LSM Tree: The Write-Optimized Storage Engine Behind Modern Databases

Most relational databases rely on B-trees for indexing. B-trees are read-friendly, but every random write touches disk in place — a costly operation at scale. The log-structured merge tree (LSM tree) takes the opposite approach: buffer writes in memory, flush them sequentially, and merge sorted files in the background. The result is dramatically higher write throughput at the cost of more complex reads.

How an LSM Tree Works#

An LSM tree organizes data across two layers: an in-memory buffer and a set of on-disk sorted files.

Write path
─────────────────────────────────────────────────
Client write ──▶ WAL (append) ──▶ Memtable (sorted in memory)
                                       │
                               (threshold reached)
                                       ▼
                              Flush to SSTable on disk
                                       │
                              Background compaction
                                       ▼
                             Merged, deduplicated SSTables

Memtable#

The memtable is a sorted, in-memory data structure — typically a red-black tree or skip list. Every write goes to the memtable first (after being appended to a write-ahead log for durability). When the memtable exceeds a size threshold (commonly 64 MB), it becomes immutable and is flushed to disk as a sorted string table (SSTable).

SSTables#

An SSTable is an immutable, sorted file on disk. Each SSTable contains a sequence of key-value pairs in sorted order, along with an index block for binary search. Because SSTables are written sequentially and never modified in place, they are extremely efficient to produce and cache-friendly to read.

Write-Ahead Log#

Before touching the memtable, every mutation is appended to a write-ahead log (WAL). If the process crashes before the memtable is flushed, the WAL replays uncommitted writes on restart. Once an SSTable is safely on disk, its corresponding WAL segment is deleted.

Compaction Strategies#

Over time, multiple SSTables accumulate on disk. Many of them contain stale versions of the same key. Compaction merges SSTables, discards obsolete entries, and reclaims space. The compaction strategy has a profound effect on read amplification, write amplification, and space amplification.

Size-Tiered Compaction#

SSTables of similar sizes are grouped into tiers. When a tier accumulates enough files (e.g., four), they are merged into a single larger SSTable that moves to the next tier.

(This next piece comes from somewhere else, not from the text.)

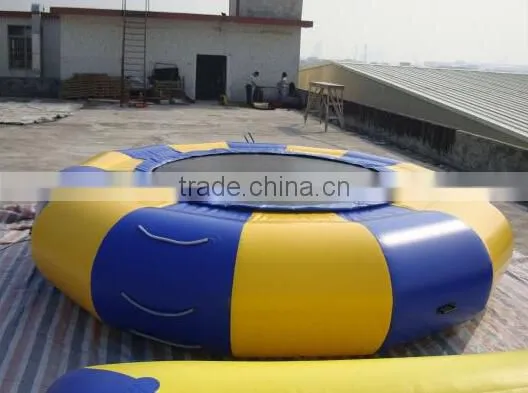 round Commercial grade on water games inflatable trampoline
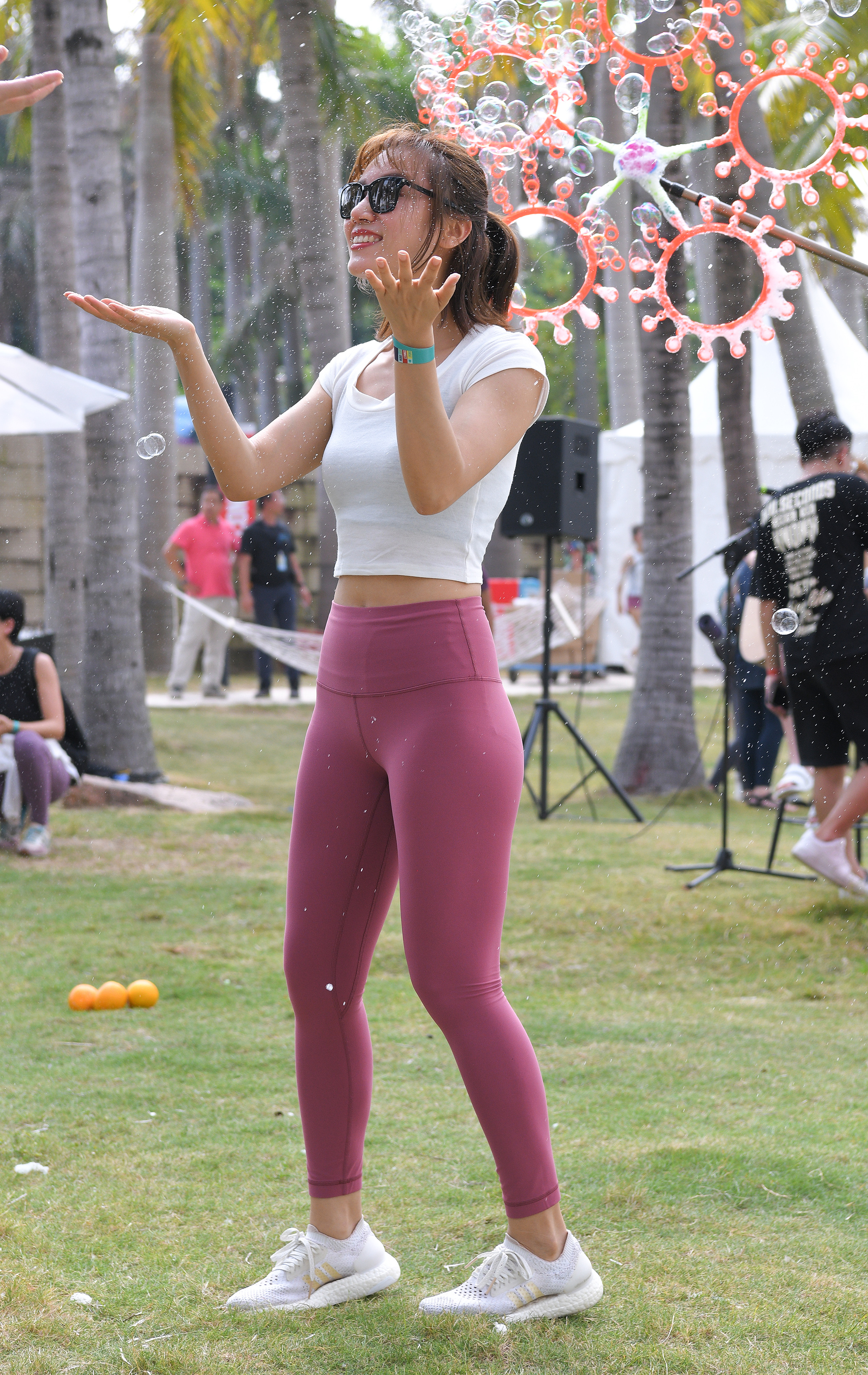  魔镜街拍,美臀,紧身裤,熟女,街拍,写真套图,Limerence原创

• Pros: High write throughput, simple logic.
• Cons: Temporary space amplification (old and new files coexist during merge). Reads may scan many files.

Cassandra uses size-tiered compaction by default.

Leveled Compaction#

SSTables are organized into levels (L0, L1, L2, ...). Each level has a size limit that grows by a fixed multiplier (typically 10x). When a level exceeds its limit, one SSTable is picked and merged into the overlapping range of the next level.

• Pros: Bounded space amplification. Reads touch fewer files because key ranges do not overlap within a level.
• Cons: Higher write amplification — a single key may be rewritten across many levels.

RocksDB and LevelDB default to leveled compaction.

FIFO Compaction#

The oldest SSTables are simply deleted once total size exceeds a threshold. FIFO compaction suits time-series or TTL-based workloads where old data naturally expires.

Write Amplification#

Write amplification measures how many bytes are written to disk for each byte of user data. In leveled compaction, a single key may be rewritten every time its SSTable participates in a merge — potentially once per level. With a 10x size ratio and five levels, the worst-case write amplification is roughly 10x per level transition.

Tuning levers include:

• Increasing the size ratio — fewer levels, less rewriting, but larger individual merges.
• Using size-tiered compaction — lower write amplification at the cost of higher space amplification.
• Combining strategies — RocksDB supports universal compaction, a hybrid approach.

Bloom Filters for Reads#

Reading from an LSM tree is inherently more expensive than from a B-tree because the key might reside in any SSTable. A point lookup in the worst case checks the memtable, then every SSTable from newest to oldest.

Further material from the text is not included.